Nothing outside the range is to be copied. From the entries below, reproduce exactly the lines starting at the one with "Heart Charm Knot" and ending at the one with "Stolička K300 ekokoža/kov", without pictures.

(PROVIDED DATA Opens)

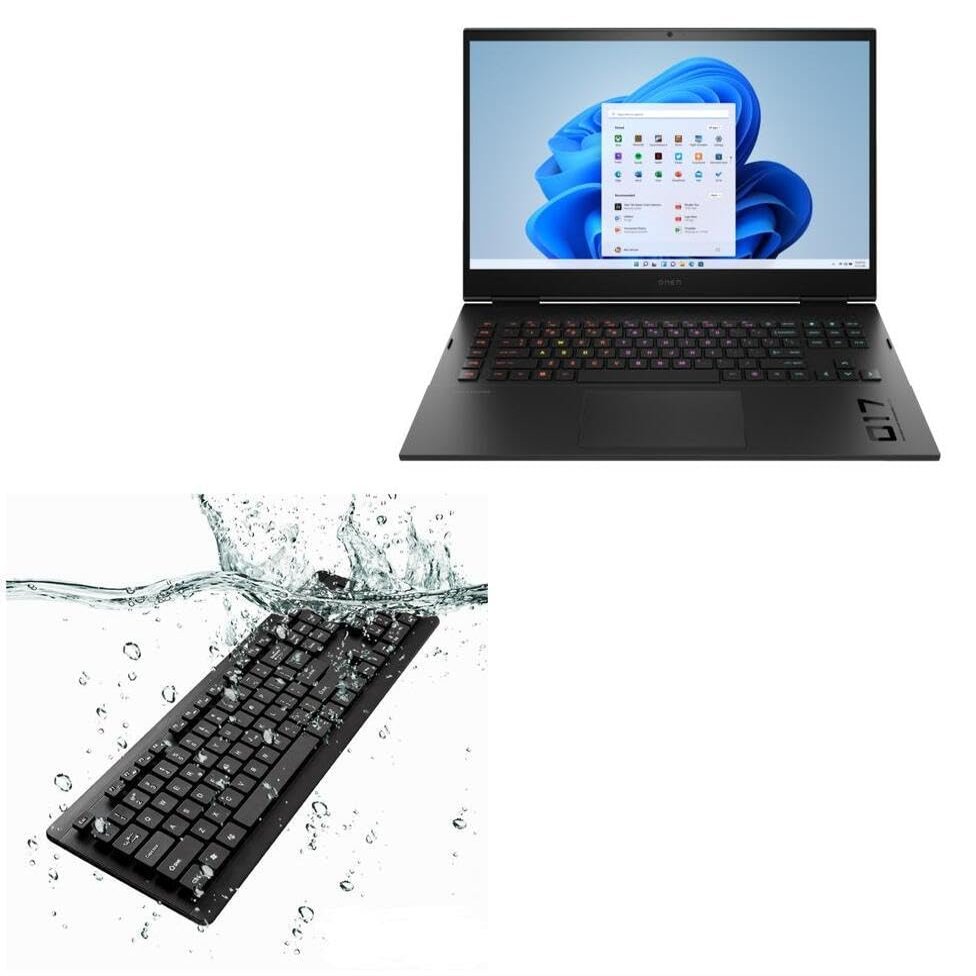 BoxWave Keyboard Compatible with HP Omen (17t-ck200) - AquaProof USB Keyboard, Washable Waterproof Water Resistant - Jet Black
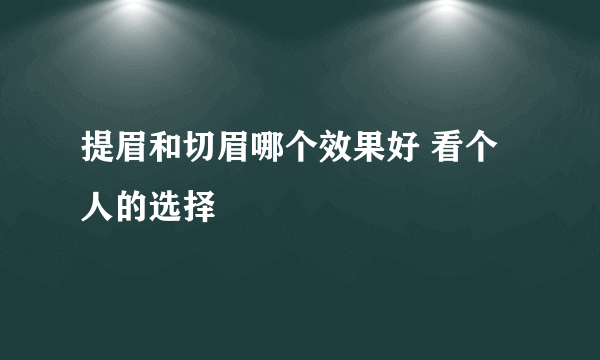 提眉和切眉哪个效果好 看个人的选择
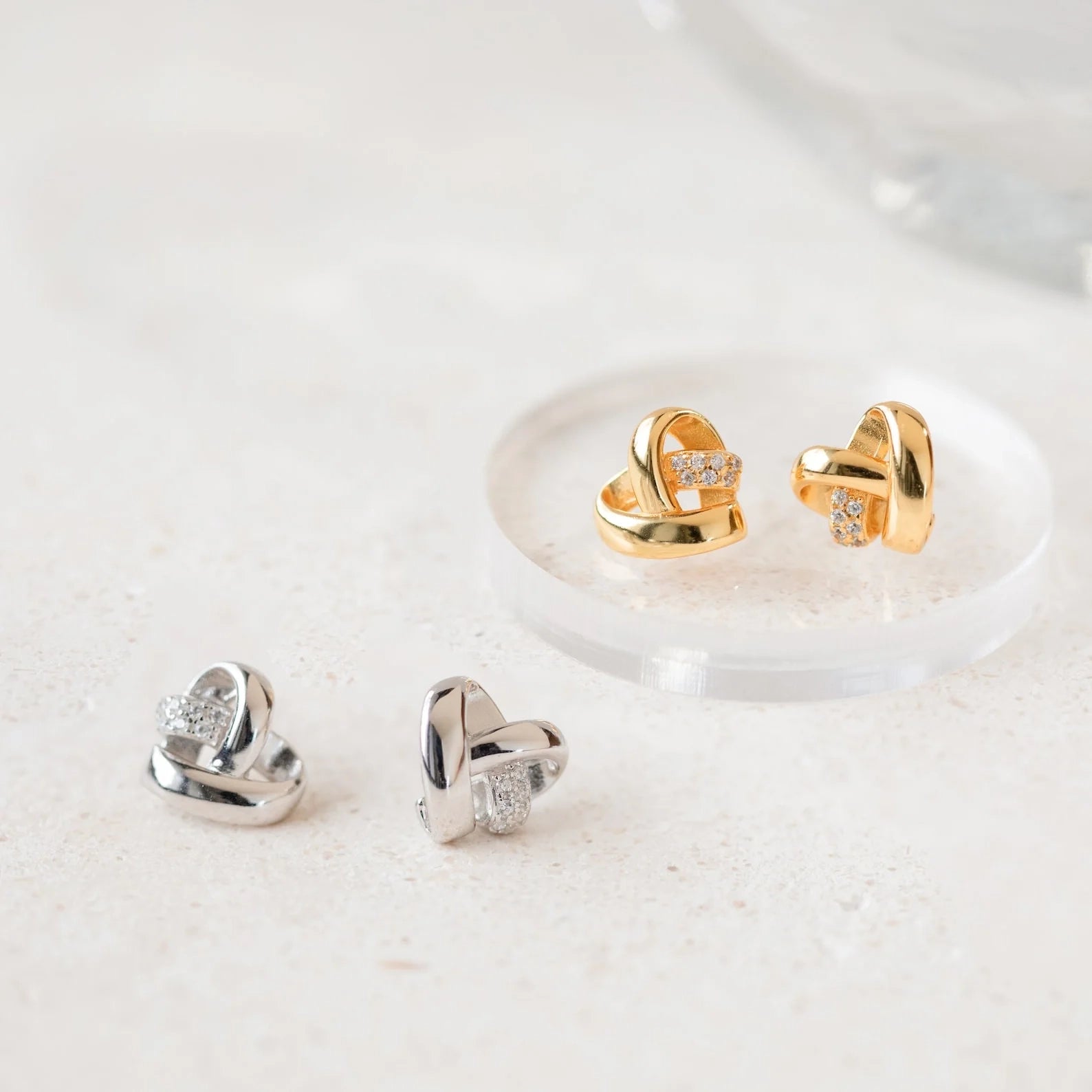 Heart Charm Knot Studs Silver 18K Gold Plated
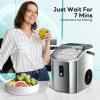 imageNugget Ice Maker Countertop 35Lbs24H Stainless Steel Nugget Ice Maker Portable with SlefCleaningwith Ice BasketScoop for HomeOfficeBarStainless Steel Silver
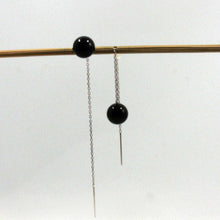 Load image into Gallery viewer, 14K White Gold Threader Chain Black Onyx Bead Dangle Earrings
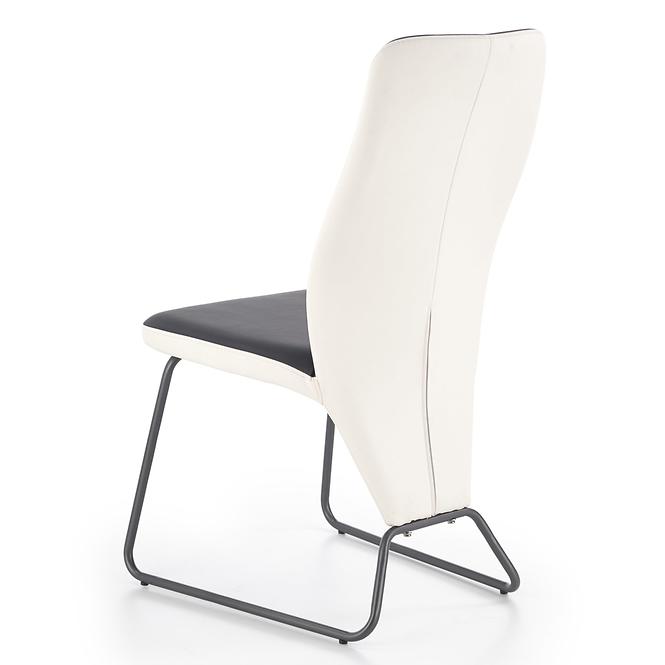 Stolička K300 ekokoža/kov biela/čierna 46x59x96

(PROVIDED DATA Closes)
(PROVIDED DATA Opens)

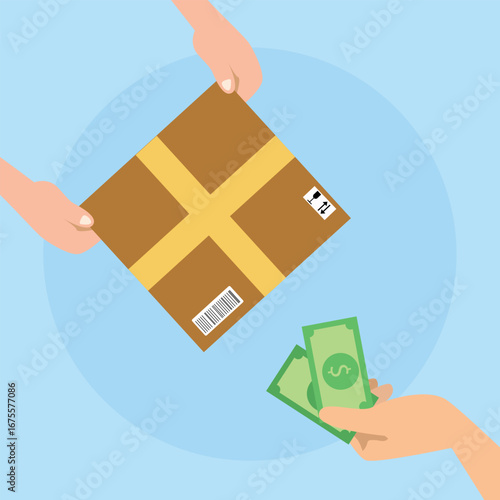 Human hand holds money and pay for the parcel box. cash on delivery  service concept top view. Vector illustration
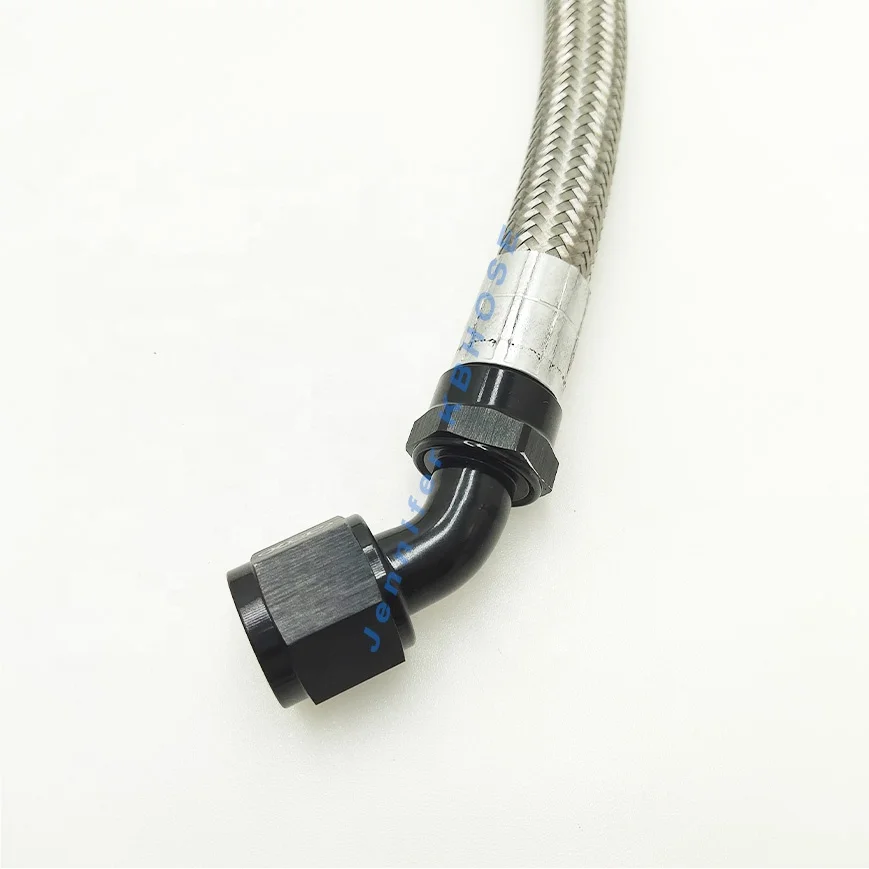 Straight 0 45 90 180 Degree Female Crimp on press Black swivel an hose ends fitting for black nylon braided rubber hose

(PROVIDED DATA Closes)

**FINAL ANSWER:**
 Heart Charm Knot Studs Silver 18K Gold Plated
 imageNugget Ice Maker Countertop 35Lbs24H Stainless Steel Nugget Ice Maker Portable with SlefCleaningwith Ice BasketScoop for HomeOfficeBarStainless Steel Silver
 Load image into Gallery viewer, 14K White Gold Threader Chain Black Onyx Bead Dangle Earrings
 Stolička K300 ekokoža/kov biela/čierna 46x59x96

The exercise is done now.